• Your goal
Write out every single entry exactly.

(Records from a data collection)
══════
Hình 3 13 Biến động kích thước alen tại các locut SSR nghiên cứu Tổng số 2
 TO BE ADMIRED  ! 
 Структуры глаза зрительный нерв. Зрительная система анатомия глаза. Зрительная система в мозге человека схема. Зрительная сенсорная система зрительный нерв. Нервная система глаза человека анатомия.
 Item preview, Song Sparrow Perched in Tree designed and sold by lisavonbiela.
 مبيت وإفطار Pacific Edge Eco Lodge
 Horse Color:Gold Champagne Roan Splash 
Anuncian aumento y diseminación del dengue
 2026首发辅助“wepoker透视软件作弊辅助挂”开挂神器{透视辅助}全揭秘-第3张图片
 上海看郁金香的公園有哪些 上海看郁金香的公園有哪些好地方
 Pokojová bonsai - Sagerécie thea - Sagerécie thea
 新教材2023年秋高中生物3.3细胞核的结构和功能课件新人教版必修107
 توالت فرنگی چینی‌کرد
══════
• Finished task
Hình 3 13 Biến động kích thước alen tại các locut SSR nghiên cứu Tổng số 2
 TO BE ADMIRED  ! 
 Структуры глаза зрительный нерв. Зрительная система анатомия глаза. Зрительная система в мозге человека схема. Зрительная сенсорная система зрительный нерв. Нервная система глаза человека анатомия.
 Item preview, Song Sparrow Perched in Tree designed and sold by lisavonbiela.
 مبيت وإفطار Pacific Edge Eco Lodge
 Horse Color:Gold Champagne Roan Splash 
Anuncian aumento y diseminación del dengue
 2026首发辅助“wepoker透视软件作弊辅助挂”开挂神器{透视辅助}全揭秘-第3张图片
 上海看郁金香的公園有哪些 上海看郁金香的公園有哪些好地方
 Pokojová bonsai - Sagerécie thea - Sagerécie thea
 新教材2023年秋高中生物3.3细胞核的结构和功能课件新人教版必修107
 توالت فرنگی چینی‌کرد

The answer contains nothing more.